Art is a valuable tool for discovering, exploring and interpreting reality. Investing in children’s art programs not only exposes the students to the benefits of the arts, they help these children succeed in all school subjects and in life.
“Learning Through Art” (LTA) at the Guggenheim Museum is an art program for children that challenges students to think critically about art and ideas. Participating students examine, discuss, and create works of art. Groups of students are also taken to the Guggenheim Museum to view and discuss the exhibitions.
LTA was founded in 1970 by Natalie K. Lieberman, a patron of the arts, in response to the elimination of art and music programs from New York City public schools. She merged the program with the Guggenheim Foundation in 1994. Since its inception, LTA has served over 100,000 students from diverse economic and cultural backgrounds in all five boroughs of New York City.
The LTA program sends experienced teaching artists into New York City public schools where they spend one day a week over a 10- or 20-week period. These artists help the students and teachers learn how to create process-oriented art projects. Collaboration methods between the artists and teachers are fully integrated in order to expand learning across the entire school curriculum.

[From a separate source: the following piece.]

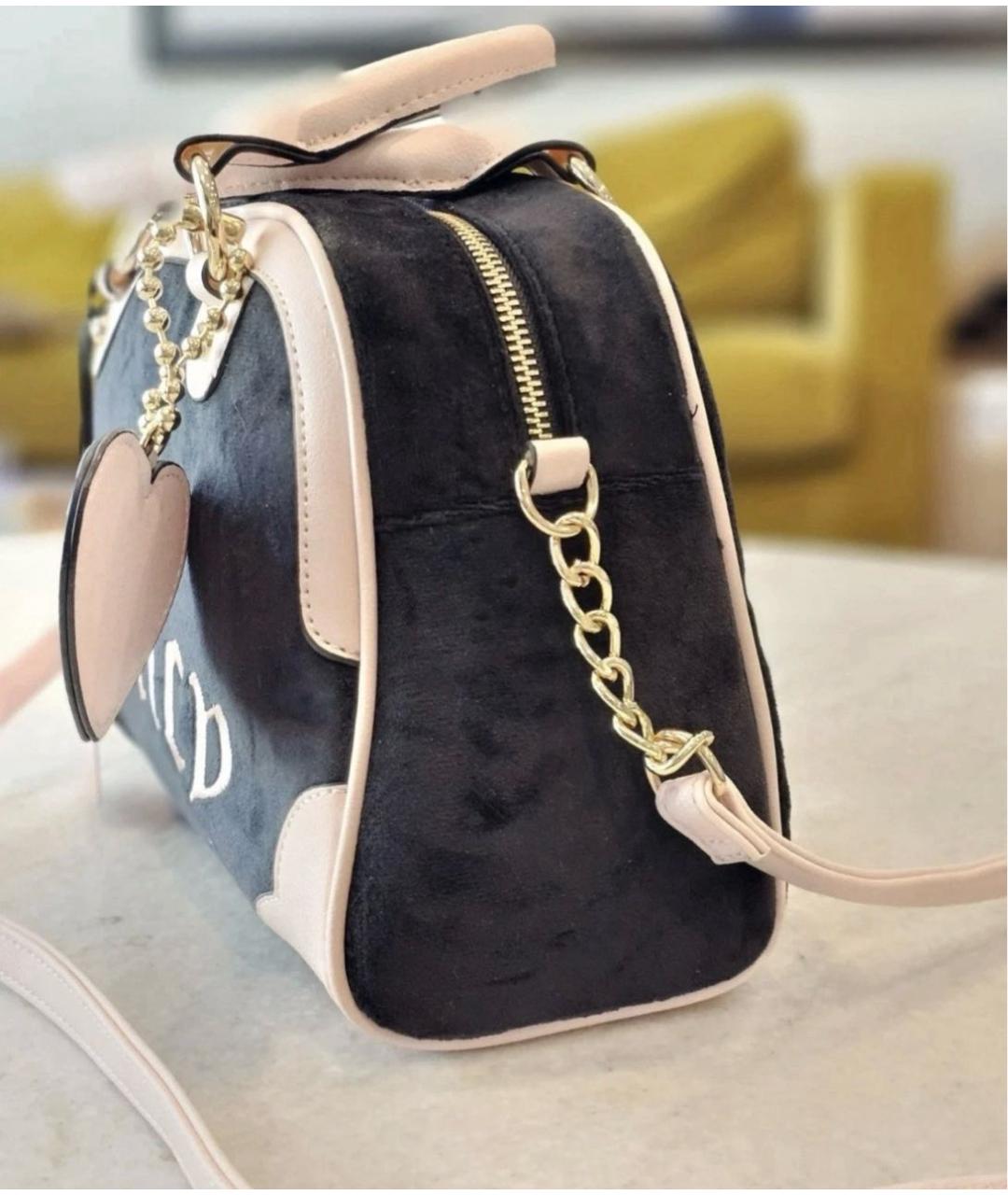 JUICY COUTURE Черная бархатная сумка с короткими ручками, фото 3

Important programs like LTA eliminate the barriers between academic subjects and the arts and show children how to experience the world using a wide range of creative and innovative methods for self-expression.
Study Proves How Children Benefit from LTA
In 2003, LTA was awarded a grant from the U.S. Department of Education to examine the impact of the Learning Through Art program, on 500 students in the third grade from four schools in New York City. The study focused on the students’ ability to describe and interpret art, and to apply these skills to understanding written text. The study was conducted in partnership with Randi Korn and Associates from 2003–06. The primary question that guided this study was: Does looking at and making art teach students how to be better critical thinkers?

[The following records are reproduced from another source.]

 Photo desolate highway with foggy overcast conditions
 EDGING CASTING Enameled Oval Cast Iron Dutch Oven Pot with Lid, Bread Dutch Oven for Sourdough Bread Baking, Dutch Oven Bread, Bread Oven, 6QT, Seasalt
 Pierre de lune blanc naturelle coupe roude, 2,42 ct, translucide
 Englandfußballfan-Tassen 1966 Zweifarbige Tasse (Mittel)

Professional evaluators examined student scores on the New York Citywide ELA test. The study found that LTA helps students become better learners and thinkers, and findings indicate that those who participated in the program performed better in all six categories of the following literacy and critical-thinking skills: extended focus; hypothesizing; providing multiple interpretations; schema-building; giving evidence; and thorough description.

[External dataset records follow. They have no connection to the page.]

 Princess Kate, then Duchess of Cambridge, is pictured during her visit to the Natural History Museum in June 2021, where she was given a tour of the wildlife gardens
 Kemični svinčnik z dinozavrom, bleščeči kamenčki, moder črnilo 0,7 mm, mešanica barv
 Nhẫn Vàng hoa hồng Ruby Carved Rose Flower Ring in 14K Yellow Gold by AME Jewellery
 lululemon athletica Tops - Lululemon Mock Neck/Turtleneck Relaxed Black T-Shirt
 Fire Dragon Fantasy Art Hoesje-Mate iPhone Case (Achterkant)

A Year With Children Exhibition
Every year the residency culminates with an exhibition of selected student works at the Guggenheim Museum. Through these exhibitions the children are able to learn how to appreciate their own talent as well as the work of their fellow students.
“A Year with Children 2015” takes place May 1–June 17, 2015 and will feature 125 works of art created by students from ten elementary schools in each of the city’s five boroughs.
Learning Through Art
A Book For Children
The book Learning Through Art, written by Marilyn J.S. Goodman including art from the Solomon R. Guggenheim Museum, offers children a way to learn about art and apply it to explore basic subject areas such as math, science, sports, music and social studies.